The Water Wolf
Thomas Sullivan

Onyx (Imprint of New American Library)
Mass Market Paperback $7.99
Review by Nickolas Cook

After reading only a few pages of The Water Wolf it was easy to see why author Thomas Sullivan was nominated for a Pulitzer Prize (The Phases of Harry Moon – 1988).  Indeed, it didn’t take long to figure out Sullivan is a writer that almost defies description or genre.  His artistry with the English language is not to be denied.  He is a consummate creator; one that surely must make every writer who reads him turn green with at least a smidgen of envy.  In fact, if there were any justice in the world of literature, Sullivan would have a world wide following of millions, and stand tall on the best seller’s list with every release.

His newest novel, The Water Wolf, takes place in Ireland, the land of whiskey, fog and dirty limericks; but more importantly, the land of fairies and unexplainable ancient powers beneath the earth.

Lane Anderson is a best selling non-fiction author, and debunker of mysteries, with a zealot’s belief in science and reason.
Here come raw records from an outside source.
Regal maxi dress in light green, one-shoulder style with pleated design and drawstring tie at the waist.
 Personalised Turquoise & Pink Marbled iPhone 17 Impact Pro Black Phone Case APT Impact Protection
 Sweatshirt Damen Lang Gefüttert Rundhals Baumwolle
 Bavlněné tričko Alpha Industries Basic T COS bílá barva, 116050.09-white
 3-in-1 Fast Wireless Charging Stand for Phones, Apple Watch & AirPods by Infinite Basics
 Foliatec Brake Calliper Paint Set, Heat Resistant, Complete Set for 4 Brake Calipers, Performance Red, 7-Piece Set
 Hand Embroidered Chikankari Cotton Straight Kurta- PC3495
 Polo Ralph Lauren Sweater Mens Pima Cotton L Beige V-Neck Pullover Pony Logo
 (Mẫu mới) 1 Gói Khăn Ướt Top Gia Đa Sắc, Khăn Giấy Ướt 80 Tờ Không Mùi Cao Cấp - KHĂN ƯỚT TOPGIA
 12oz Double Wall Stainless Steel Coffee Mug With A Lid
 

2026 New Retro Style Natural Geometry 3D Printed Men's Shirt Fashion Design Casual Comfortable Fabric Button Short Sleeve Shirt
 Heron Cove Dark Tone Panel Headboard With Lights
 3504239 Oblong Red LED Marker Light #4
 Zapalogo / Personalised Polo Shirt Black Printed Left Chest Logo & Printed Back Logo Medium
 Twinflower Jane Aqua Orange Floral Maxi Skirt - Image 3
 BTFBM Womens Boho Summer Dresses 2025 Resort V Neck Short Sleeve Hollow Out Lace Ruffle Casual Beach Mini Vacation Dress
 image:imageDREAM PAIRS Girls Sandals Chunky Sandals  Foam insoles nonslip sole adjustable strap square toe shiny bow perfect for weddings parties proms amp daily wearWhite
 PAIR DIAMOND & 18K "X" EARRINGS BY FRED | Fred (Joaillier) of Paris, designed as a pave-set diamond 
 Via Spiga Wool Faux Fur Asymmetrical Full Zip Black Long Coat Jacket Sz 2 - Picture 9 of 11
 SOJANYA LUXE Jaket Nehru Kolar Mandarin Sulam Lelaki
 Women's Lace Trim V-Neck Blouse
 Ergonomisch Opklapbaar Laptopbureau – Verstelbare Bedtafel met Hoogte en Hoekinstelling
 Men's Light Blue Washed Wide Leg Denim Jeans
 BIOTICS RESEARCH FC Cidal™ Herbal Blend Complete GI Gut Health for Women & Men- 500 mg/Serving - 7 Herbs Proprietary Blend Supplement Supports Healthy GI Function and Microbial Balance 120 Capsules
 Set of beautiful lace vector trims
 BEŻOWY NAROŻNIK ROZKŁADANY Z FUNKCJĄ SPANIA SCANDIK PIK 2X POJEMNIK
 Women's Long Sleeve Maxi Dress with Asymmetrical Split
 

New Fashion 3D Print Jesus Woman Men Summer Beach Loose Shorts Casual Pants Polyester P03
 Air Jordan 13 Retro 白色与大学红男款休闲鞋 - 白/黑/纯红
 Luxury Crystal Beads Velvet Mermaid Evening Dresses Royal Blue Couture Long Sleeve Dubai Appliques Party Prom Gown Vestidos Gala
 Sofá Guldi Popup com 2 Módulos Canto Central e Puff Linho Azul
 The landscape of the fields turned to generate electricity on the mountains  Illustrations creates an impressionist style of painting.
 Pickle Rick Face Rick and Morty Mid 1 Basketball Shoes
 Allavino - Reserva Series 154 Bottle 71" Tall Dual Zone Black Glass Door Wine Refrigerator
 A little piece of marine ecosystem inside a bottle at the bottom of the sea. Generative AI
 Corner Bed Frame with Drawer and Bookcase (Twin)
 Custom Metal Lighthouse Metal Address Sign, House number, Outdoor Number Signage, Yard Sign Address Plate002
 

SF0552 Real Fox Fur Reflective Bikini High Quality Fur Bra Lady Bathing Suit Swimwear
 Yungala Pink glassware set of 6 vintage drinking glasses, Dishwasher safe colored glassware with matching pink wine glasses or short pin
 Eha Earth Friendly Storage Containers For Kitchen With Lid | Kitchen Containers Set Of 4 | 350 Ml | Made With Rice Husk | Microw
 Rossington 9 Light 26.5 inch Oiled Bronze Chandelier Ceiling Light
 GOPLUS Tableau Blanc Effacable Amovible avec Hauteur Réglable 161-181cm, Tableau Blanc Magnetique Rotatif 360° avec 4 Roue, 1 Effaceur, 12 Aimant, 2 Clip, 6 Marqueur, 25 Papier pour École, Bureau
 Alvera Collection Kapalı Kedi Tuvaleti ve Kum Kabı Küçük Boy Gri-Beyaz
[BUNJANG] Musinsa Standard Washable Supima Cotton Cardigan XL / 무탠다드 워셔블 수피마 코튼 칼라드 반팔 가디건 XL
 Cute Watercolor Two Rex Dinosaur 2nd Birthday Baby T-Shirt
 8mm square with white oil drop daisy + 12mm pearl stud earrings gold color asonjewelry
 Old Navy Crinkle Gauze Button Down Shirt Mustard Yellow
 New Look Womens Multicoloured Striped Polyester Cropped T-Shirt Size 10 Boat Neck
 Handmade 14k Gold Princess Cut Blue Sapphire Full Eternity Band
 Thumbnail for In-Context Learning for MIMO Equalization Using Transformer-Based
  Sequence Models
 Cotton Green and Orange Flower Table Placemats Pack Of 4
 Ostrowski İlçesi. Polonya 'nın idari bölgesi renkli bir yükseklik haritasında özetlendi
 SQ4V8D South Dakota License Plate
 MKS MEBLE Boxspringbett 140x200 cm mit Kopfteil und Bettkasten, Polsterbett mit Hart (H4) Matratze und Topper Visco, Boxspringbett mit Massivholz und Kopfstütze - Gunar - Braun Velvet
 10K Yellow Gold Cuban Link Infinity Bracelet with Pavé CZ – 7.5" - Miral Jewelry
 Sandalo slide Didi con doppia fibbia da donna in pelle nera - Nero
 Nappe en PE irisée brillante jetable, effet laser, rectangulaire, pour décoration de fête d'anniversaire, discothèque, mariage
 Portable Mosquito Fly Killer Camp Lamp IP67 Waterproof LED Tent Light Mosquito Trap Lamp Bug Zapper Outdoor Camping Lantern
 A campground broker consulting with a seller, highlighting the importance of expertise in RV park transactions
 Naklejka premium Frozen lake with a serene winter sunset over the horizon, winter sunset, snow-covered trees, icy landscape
Growing up in the uncertain care of a free spirited hippy mother in a flower power commune, he has turned away from all things spiritual as untenable trusts reserved for the gullible of the world.  But when he discovers an ancient connection of eons old tunnels that may very well span the earth, and a series of unexplainable ancient pillars of stone that hold a force trapped beneath the earth, a force that claimed his father’s life while he was still a newborn, his trail of mysteries brings him to Ireland, where he falls in love, fights for his life, and talks with the spirits, while still trying to deny anything beyond reason and logic.

It was a joy to read this novel.  It had all the earmarks of honest to goodness literary horror.  What do I mean by that?  Simply that it uses the tropes, but does not allow them to become the focus of the story.  It is a horror novel, but it’s so much more than a facile attempt at titillation.  This story is purely character motivated.  In many ways it’s a novel about Lane Anderson’s lost faith, his unspoken disappointment with the lack of mysteries in his life, and, by book’s end, his need for faith in the one place he has never looked before.  To explain more would be to give away the book’s denouement.  And after all of Sullivan’s wonderful character development, mood setting, careful pacing, and atmospheric use of the language, that would be unforgivable.

As a reader, this is a damned good book that deserves a larger readership.

As a writer, I guarantee if you’re looking to learn to write something with pathos and maturity, you need look no further than The Water Wolf.  I would not hesitate to stick this next to Straub, Barker, or King any day of the week, folks.